In counterpoint to this reality was the SXSW technological meme du jour. "Location, location, location." Twitter rolled out its new @anywhere application, tagging along with the merry Gowalla API and location providers like foursquare so that friends and (and the salient word) can know via our digital appendages where we are at any instant. Maybe because I've had a pitchforks n' torches moment or two, this does not sound to me like a particularly fine app. This sounds like the beginning of a dark folk tale, "Once upon a time ten foolish virgins traded their garments to the Jolly Giant in exchange for magic tricks. . . ." SXSW Interactive attracted flocks of these folks, who in their lemming-like rush to embrace the latest new thing dramatized the sad but comical truth that a fine education alas is not the same as wisdom.

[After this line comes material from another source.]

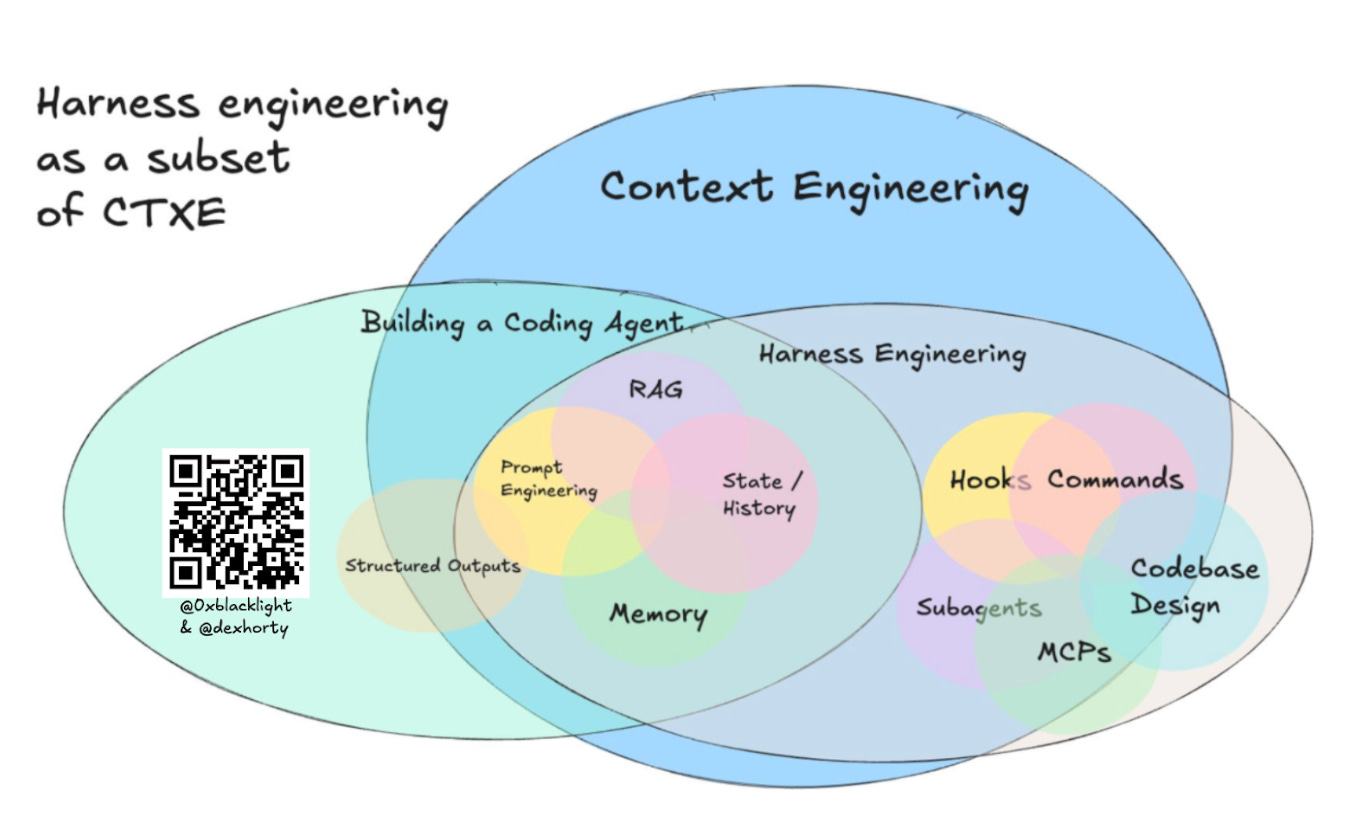 harness engineering as context engineering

The SXSW Foolish Virgins were canaries singing the digital age. Several keynoters -- Doug Rushkoff, Danah Boyd, Clay Shirky and Jaron Lanier--had been hearing canaries for awhile; at SXSW they tried to warn their audiences. For such different individuals, remarkably they have made similar journeys, from a vaunted (and undoubtedly justified) pride in building something that seemed at first to have such utopian possibilities to a realization of the consequences and price of the gift of Internet. For Rushkoff, it is the belated realization that the structure of programming shapes the meaning of content. For Boyd and Lanier, it is the loss of privacy and the ways in which we, especially the younger crowd, unwittingly squander it online. For Shirky, it is the plummeting value of work product in the new Internet world of abundance.

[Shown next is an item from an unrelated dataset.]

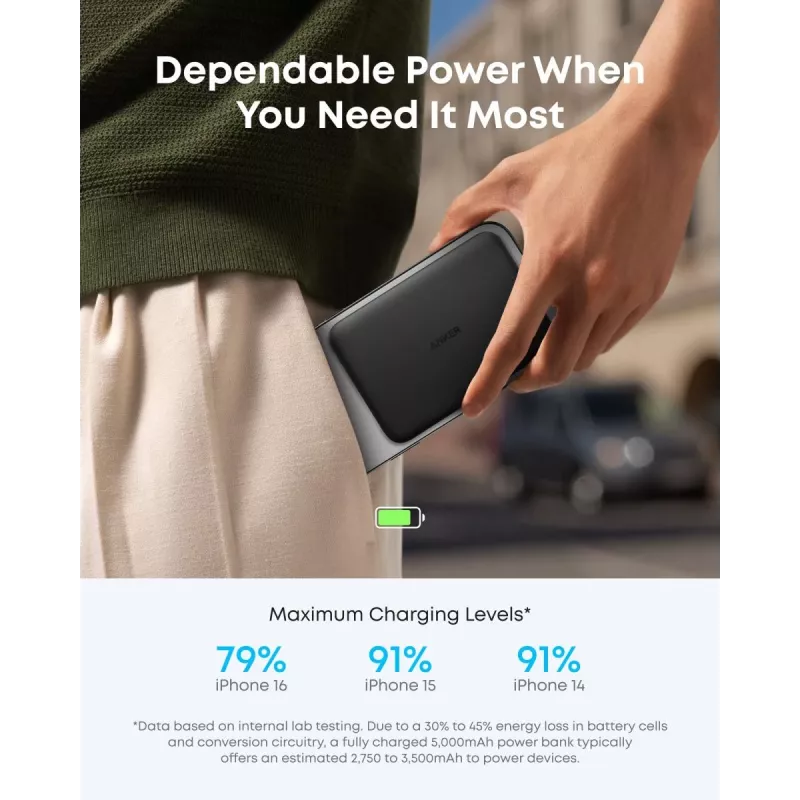 ANKER Nano Magnetic Wireless Power Bank 5000mAh 15W Melns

The reaction of the Southwesters to the keynoters dramatized the ongoing struggle to relinquish the idea that such a wonderful and beloved object as the Internet is both a tool to be handled with care and a portal to be crossed at risk. How many attendees heard the cautionary notes? Even as the latest gadgets and widgets catch our eye and we easily abandon the old for the new, our minds resist change and challenge. The canary here was more the dog that did not bark. There was an intimation of real news at SXSW Interactive on Friday, when Kaiser Kuo said (essentially--not an exact quote) that Google would stay in China when pigs began to fly. He proffered this observation as an inexorable consequence to Google's misapprehension of Chinese culture and the Chinese government's determination that society change slowly, implementing that determination by "using quiescence to control action." Kuo put forward a Chinese view of the balance between free speech and censorship that his audience had trouble wrapping their minds around -- apparently -- because Kuo's warning seems never to have made its way out of Austin Convention Center Exhibit Hall D.

Probably I caught the SXSW Interactive at its peak: brigades of Brits testified to that. And I had a lot of fun. But I couldn't help but wonder how soon the new Austin will be planted in Bahia or Bangalore. The creak of infrastructure and the assumptions we bring to technology that are culturally embedded in us but not in Internet itself sang to me. Oh, canaries!

Sometimes it's terrible to be not only middle-aged but also a curmudgeon.